Best Worst Method (BWM)

Best Worst Method (BWM) is an effective multi-criteria decision-making approach primarily used to determine the weight of various factors. It is located in SPSSAU ->Comprehensive Evaluation -> Best Worst Weight (BWM).

SPSSAU Operations

To conduct the analysis, input Best-to-other (BO) data and Others-to-worst (OW) data into their respective data frames and click 'Start'. Note: If multiple experts provide ratings, there will be multiple rows of BO or OW data.

SPSSAU Data Format

Details regarding Best-to-other (BO) data and Others-to-worst (OW) data are as follows.

Algorithm

1.Define Criteria Indicators

First, all indicators relevant to the decision-making problem must be identified. The number of indicators is typically limited. Experts rate these indicators and determine the best (optimal) indicator and worst (least optimal) indicator. Scores are assigned based on these two indicators.
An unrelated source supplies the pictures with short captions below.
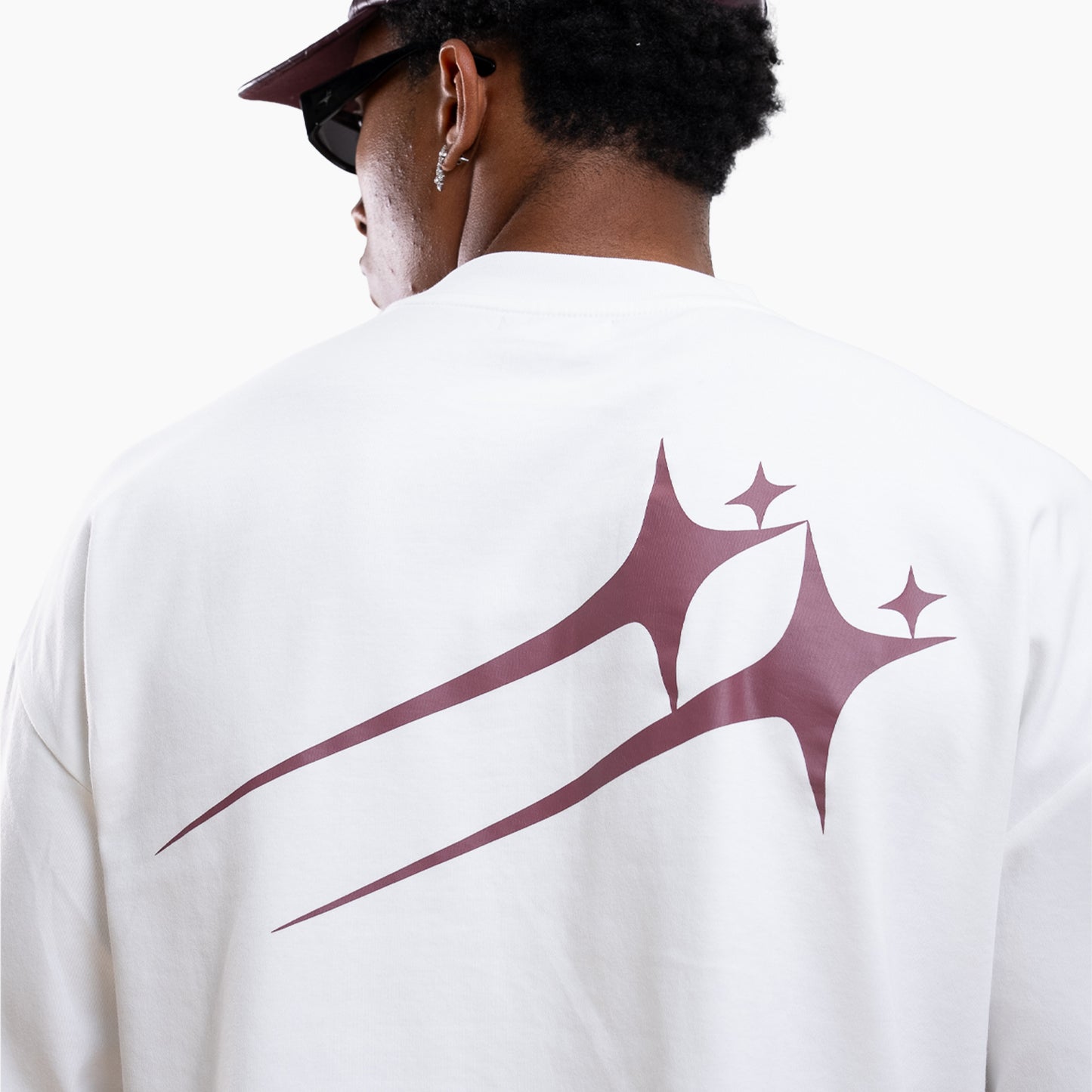 Long sleeve Twin Stars - White
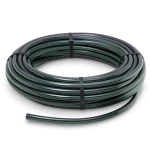 لفة أنابيب HDPE ضغط 15.9 بار PE 63 قطر خارجي 50 مم SDR 7.4 لون أسود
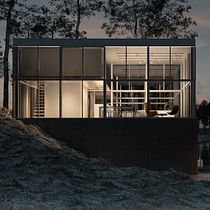 Mi Proyecto del curso: Representación de espacios arquitectónicos con 3D Studio Max-Glass House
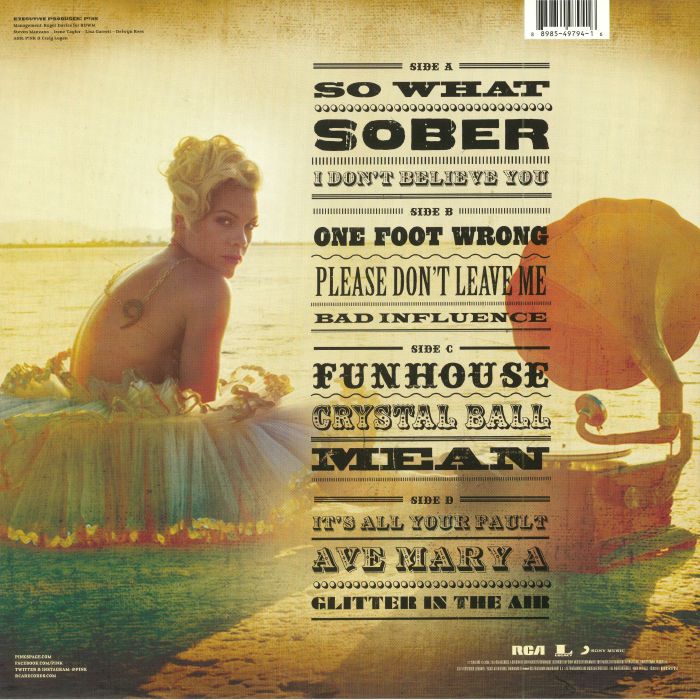 P!nk - Funhouse
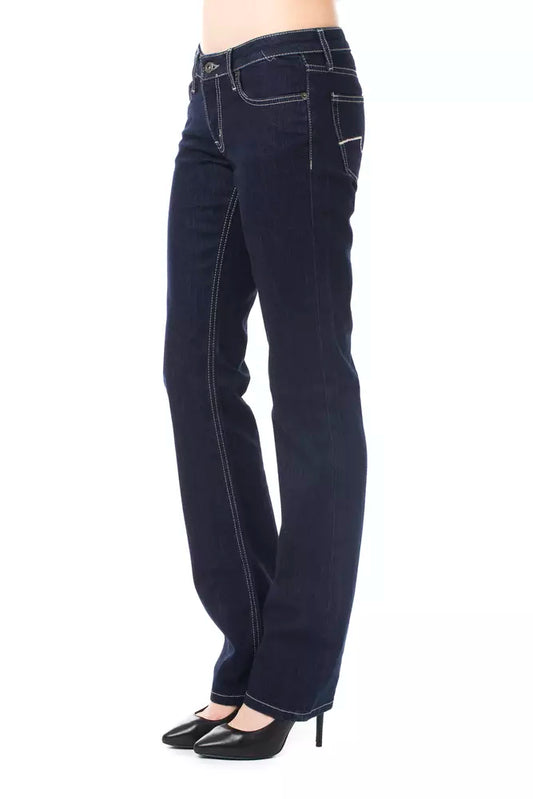 Blue Cotton Women's Jeans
A predefined scale (e.g., a 1~9 scale, where 1 represents the least important and 9 represents the most important) is used for rating.

Best-to-other (BO) data represents the relative importance of the best indicator compared to each indicator. Others-to-worst (OW) data represents the relative importance of each indicator compared to the worst indicator. For instance, if there are five indicators, each expert will provide 5 BO values and 5 OW values, totaling 10 values. If multiple experts are involved, the process is repeated accordingly. In BO data, a higher value indicates that the indicator is less important. In OW data, a higher value indicates that the indicator is more important.
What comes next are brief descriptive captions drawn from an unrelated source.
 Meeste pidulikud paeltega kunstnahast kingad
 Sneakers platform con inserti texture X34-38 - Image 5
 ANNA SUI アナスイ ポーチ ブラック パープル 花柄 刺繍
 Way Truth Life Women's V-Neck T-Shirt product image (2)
2.Construct the Comparison Matrix

A ratio matrix is constructed based on the best and worst combination indicators obtained in the previous step.
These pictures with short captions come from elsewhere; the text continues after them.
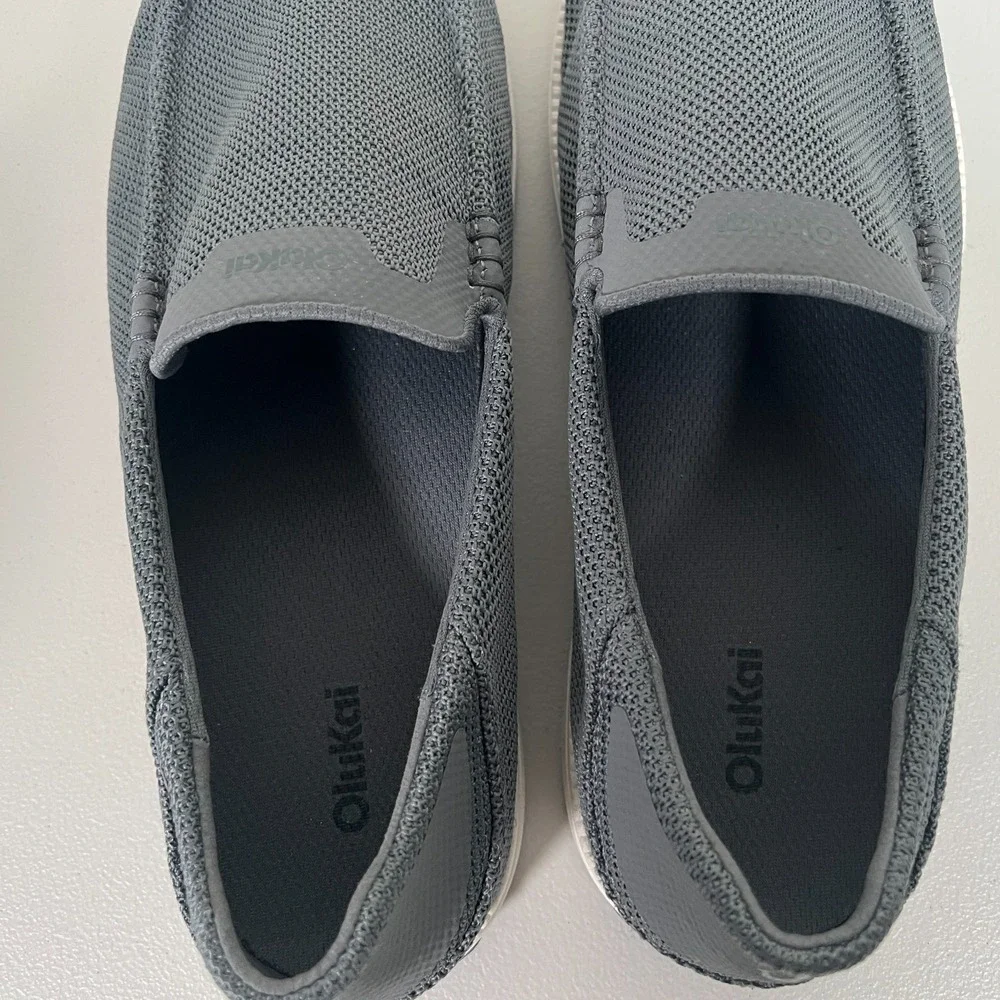 Olukai‎ Kakaha Mesh Slip On Shoes Mens US 13 Gray Lightweight Rock Everyday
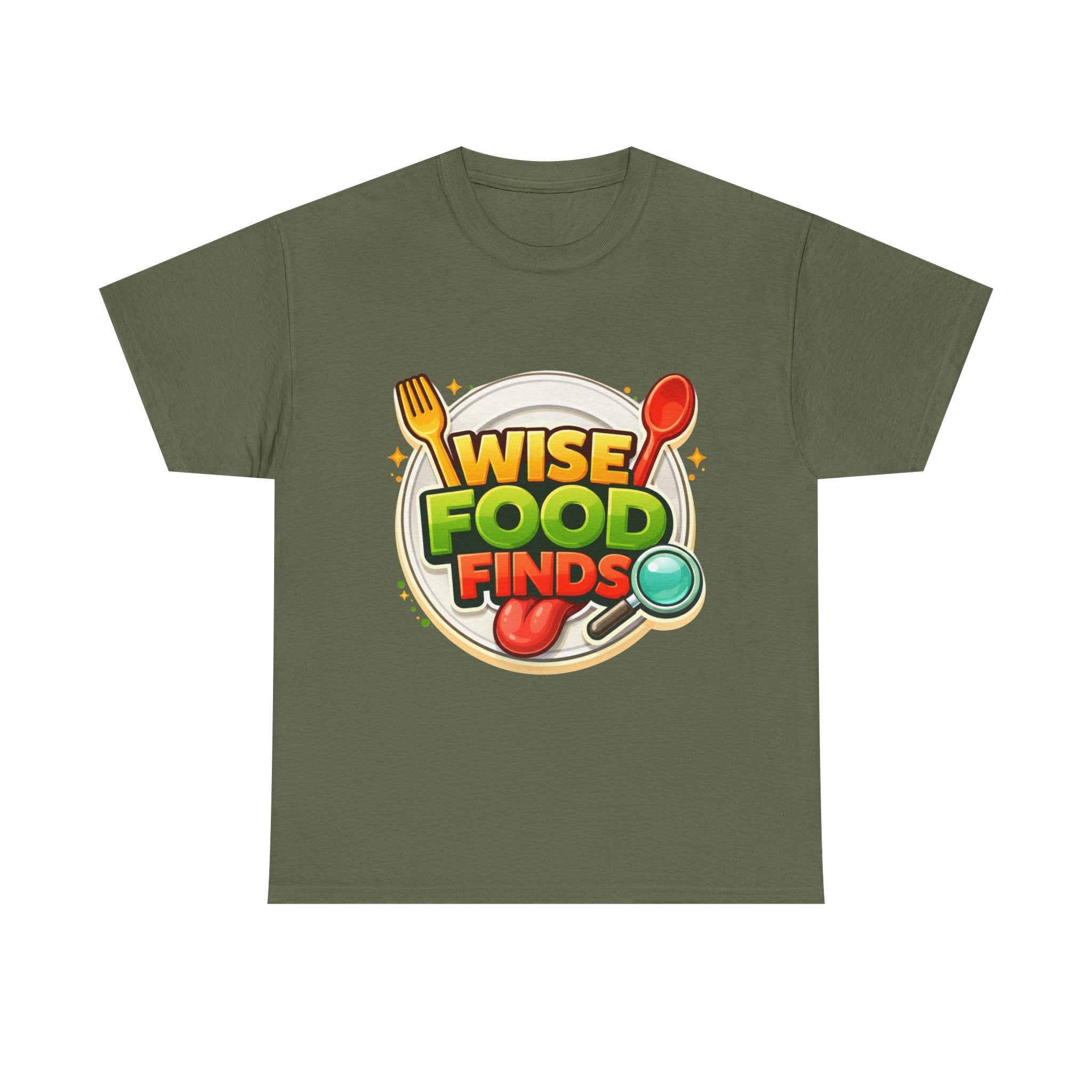 Wise Food Finds T-Shirt — Fun Food Lover Tee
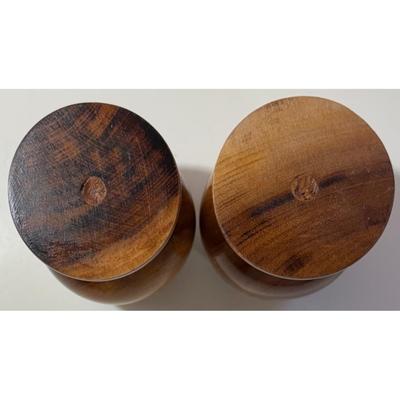 2 Vintage Copper Star Wood Cups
BO = (a_B1 a_B2 a_B3 ... a_Bn) OW = (a_1W a_2W a_3W ... a_nW)

In the equation:
n represents the number of experts.
a_Bj represents the relative score of the best indicator compared to indicator j.
a_jW represents the relative score of indicator j compared to the worst indicator.

3.Calculate Weights

The criterion weights are determined using the following optimization model:

$m i n ϵ$ s.t. $| \frac{W_{B}}{W_{j}} - a_{B j} | \leq ϵ$ $| \frac{w_{j}}{w_{W}} - a_{j W} | \leq ϵ$

Constraints:

$\sum_{j = 1}^{n} w_{j} = 1$ $w_{j} \geq 0, \forall_{j}$

$ϵ$ is the error term; the smaller the value, the better.
w_B represents the weight of the best criterion.
w_W represents the weight of the worst criterion.
w_j represents the weight of criterion j.
a_Bj represents the comparison value of the best criterion relative to criterion j.
a_jW represents the comparison value of criterion j relative to the worst criterion.

4.Consistency Test

To ensure consistency in judgment, the following formula is used for verification:

$C R = \frac{ϵ}{C I}$

CI is determined based on the number of indicators, as shown below:

Consistency Index(CI)
Order	1	2	3	4	5	6	7	8	9
CI	0.00	0.44	1.00	1.63	2.30	3.00	3.73	4.47	5.23

CR is the consistency ratio. Generally, the smaller the value, the higher the consistency. If CR > 0.5, reassessment of judgments may be necessary.

References

【1】The SPSSAU project (2024). SPSSAU. (Version 24.0) [Online Application Software]. Retrieved from https://www.spssau.com.

【2】Rezaei J .Best-worst multi-criteria decision-making method: Some properties and a linear model[J].Omega, 2016, 64(oct.):126-130.DOI:10.1016/j.omega.2015.12.001.